= Decanus =

Ancient Roman and ecclesiastical rank

Decanus means "chief of ten" in Late Latin. The term originated in the Roman army and became used thereafter for subaltern officials in the Byzantine Empire, as well as for various positions in the Church, whence derives the English title "dean". It is unrelated to the position of deacon (Latin diaconus, Greek διάκονος).

==History and functions==
The decanus was originally the leader of a 10-man contubernium, which consisted of the squad of eight legionaries who lived in the same tent, plus the two support units/servants of the contubernium. The title must not be confused with the decurio, which was a title given to civic officials and to leaders of 30-strong squadrons (turmae) of cavalry. Decanus is equivalent to the rank of the dekarchos ("commander of ten") in Greek texts.
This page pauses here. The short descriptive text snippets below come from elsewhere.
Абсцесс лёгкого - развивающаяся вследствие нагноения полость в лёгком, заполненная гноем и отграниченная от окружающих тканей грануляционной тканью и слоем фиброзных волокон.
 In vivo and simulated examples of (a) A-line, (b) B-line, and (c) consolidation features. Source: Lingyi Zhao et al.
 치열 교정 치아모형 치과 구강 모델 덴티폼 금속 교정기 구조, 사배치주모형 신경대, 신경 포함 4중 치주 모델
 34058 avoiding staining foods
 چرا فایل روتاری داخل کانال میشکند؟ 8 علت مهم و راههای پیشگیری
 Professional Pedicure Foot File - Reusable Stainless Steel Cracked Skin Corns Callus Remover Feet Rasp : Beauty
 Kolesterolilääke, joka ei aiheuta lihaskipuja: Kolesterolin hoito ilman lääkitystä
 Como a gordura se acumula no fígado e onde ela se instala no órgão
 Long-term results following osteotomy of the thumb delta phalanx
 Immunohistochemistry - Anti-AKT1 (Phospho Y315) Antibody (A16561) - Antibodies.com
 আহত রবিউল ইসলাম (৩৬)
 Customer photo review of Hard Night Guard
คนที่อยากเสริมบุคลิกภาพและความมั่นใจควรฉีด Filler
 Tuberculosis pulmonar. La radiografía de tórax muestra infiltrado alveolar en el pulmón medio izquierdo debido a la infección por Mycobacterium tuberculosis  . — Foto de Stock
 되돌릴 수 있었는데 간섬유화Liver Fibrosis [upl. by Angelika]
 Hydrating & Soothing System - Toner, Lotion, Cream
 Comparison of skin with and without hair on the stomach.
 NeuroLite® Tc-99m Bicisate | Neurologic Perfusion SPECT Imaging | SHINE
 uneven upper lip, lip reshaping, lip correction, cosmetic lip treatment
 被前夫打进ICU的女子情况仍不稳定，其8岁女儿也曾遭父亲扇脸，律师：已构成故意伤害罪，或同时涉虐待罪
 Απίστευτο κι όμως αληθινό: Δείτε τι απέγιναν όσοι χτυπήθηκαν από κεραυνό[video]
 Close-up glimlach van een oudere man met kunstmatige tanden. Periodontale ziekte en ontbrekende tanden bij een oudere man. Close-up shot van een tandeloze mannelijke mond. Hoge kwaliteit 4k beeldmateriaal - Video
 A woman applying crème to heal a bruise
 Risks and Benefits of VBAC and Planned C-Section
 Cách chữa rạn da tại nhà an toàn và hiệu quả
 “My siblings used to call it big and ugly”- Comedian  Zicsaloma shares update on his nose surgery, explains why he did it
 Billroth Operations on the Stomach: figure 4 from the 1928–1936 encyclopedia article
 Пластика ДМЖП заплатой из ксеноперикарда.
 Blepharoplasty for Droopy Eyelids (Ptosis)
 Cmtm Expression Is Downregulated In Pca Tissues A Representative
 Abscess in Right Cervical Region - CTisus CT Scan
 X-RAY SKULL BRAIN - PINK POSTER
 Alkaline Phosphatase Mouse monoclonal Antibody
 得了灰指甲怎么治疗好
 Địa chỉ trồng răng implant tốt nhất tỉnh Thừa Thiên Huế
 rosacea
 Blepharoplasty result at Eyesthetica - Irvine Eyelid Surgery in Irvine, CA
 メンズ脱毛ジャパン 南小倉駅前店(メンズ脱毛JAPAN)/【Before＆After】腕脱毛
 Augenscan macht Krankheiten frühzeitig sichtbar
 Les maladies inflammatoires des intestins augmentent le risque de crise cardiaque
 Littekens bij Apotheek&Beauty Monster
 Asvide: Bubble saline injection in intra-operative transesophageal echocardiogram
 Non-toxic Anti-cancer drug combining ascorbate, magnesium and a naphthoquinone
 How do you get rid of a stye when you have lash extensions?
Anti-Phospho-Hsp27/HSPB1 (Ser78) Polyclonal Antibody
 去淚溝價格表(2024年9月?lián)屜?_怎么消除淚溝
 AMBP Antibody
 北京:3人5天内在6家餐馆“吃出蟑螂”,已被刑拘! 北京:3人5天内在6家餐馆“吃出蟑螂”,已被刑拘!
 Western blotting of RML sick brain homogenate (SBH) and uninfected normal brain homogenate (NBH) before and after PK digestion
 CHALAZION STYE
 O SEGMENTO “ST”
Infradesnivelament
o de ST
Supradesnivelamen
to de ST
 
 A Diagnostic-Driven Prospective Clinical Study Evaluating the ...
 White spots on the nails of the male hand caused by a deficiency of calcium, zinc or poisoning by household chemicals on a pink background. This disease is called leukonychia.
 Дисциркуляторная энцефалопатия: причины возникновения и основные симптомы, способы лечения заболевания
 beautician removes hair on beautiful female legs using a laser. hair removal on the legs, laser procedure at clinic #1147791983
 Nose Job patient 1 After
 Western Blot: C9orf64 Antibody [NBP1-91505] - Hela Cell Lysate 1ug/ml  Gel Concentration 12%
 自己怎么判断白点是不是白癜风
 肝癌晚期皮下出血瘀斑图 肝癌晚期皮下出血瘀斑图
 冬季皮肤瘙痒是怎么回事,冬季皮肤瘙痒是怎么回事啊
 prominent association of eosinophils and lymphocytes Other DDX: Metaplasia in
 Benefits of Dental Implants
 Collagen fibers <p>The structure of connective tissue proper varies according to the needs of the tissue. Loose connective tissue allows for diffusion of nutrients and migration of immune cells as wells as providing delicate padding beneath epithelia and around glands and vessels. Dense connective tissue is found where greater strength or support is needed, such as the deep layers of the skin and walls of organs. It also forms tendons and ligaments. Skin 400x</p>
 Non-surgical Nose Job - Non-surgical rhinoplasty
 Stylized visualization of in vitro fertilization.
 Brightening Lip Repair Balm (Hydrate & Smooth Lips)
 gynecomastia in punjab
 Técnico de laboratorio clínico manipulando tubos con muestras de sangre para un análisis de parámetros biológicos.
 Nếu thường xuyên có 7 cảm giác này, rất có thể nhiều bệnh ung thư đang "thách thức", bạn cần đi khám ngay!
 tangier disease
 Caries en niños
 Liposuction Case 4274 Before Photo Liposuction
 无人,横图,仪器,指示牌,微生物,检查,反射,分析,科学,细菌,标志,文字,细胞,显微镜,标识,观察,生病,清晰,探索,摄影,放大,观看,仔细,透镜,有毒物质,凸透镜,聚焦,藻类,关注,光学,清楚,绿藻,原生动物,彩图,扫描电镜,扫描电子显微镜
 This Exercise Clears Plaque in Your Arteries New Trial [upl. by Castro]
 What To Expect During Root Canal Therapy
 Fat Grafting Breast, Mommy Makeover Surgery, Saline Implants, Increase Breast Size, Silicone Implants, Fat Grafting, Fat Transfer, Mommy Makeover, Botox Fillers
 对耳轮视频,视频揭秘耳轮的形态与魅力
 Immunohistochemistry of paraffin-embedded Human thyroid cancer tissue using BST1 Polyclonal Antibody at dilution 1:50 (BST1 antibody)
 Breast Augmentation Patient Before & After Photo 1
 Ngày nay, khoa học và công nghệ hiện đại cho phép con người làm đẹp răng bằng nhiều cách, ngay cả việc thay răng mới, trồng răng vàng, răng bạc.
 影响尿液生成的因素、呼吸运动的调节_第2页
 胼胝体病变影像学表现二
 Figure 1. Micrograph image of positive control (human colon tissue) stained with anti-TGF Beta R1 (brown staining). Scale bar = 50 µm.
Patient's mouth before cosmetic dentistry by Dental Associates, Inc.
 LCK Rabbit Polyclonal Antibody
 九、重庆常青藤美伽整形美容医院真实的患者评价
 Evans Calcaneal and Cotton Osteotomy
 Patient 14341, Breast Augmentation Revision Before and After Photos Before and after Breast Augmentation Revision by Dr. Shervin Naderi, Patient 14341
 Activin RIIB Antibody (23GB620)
From the 4th century AD the term decanus became used for palace messengers, particularly those in the service of Roman empresses. Decani also apparently served as guards at gates, and in the 6th century, John Lydus equates them with the ancient lictors. In the 899 Klētorologion of Philotheos, the decanus (transcribed into Greek as δεκανός, dekanos) was a mid-level functionary, serving under the protasekretis. According to the mid-10th century De Ceremoniis of Emperor Constantine VII Porphyrogennetos, a decanus was "in charge of the imperial papers" when the Byzantine emperor was on campaign.
Sigillographic evidence for the Byzantine dekanoi is relatively rare, although some are depicted in illuminated manuscripts, where their appearance varies considerably, in accord with their varying and changing functions.

In the Christian Church, the term came into use in monasteries for heads of groups of ten other monks, for low-ranking subaltern officials of the Patriarchate of Constantinople, and for the ecclesiastic fossores ("grave-diggers").